╭──

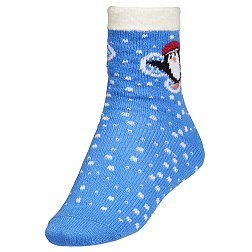 Northeast Outfitters Boys' Cozy Cabin Holiday Snow Day Socks
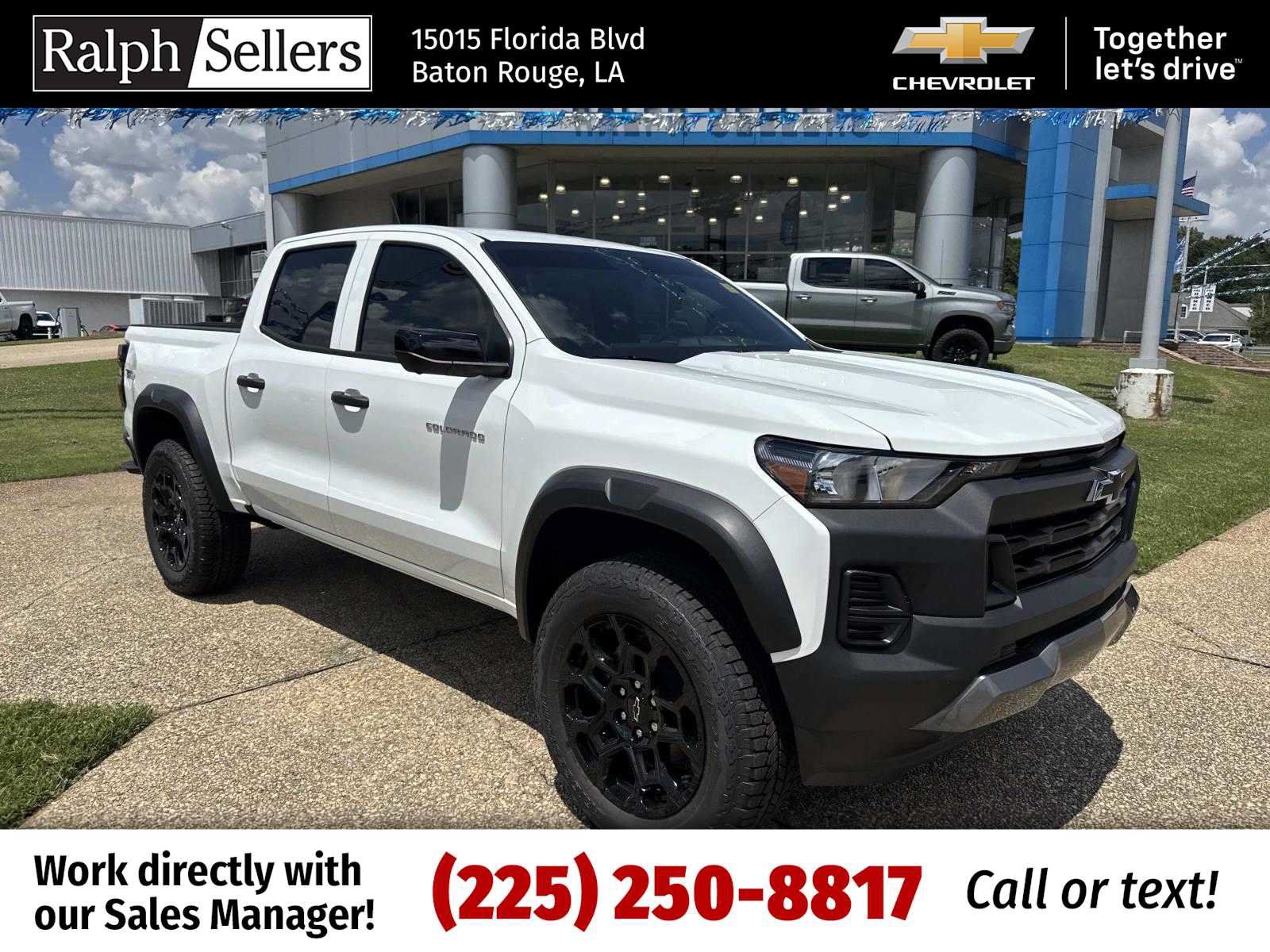 New 2026 Chevrolet Colorado Trail Boss AWD/4WD image 1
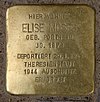 Stolperstein Konstanzer Str 3 (Wilmd) Elise Moses.jpg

╰──

Retype all the data exactly, please, without pictures.

 Northeast Outfitters Boys' Cozy Cabin Holiday Snow Day Socks
 New 2026 Chevrolet Colorado Trail Boss AWD/4WD image 1
 Stolperstein Konstanzer Str 3 (Wilmd) Elise Moses.jpg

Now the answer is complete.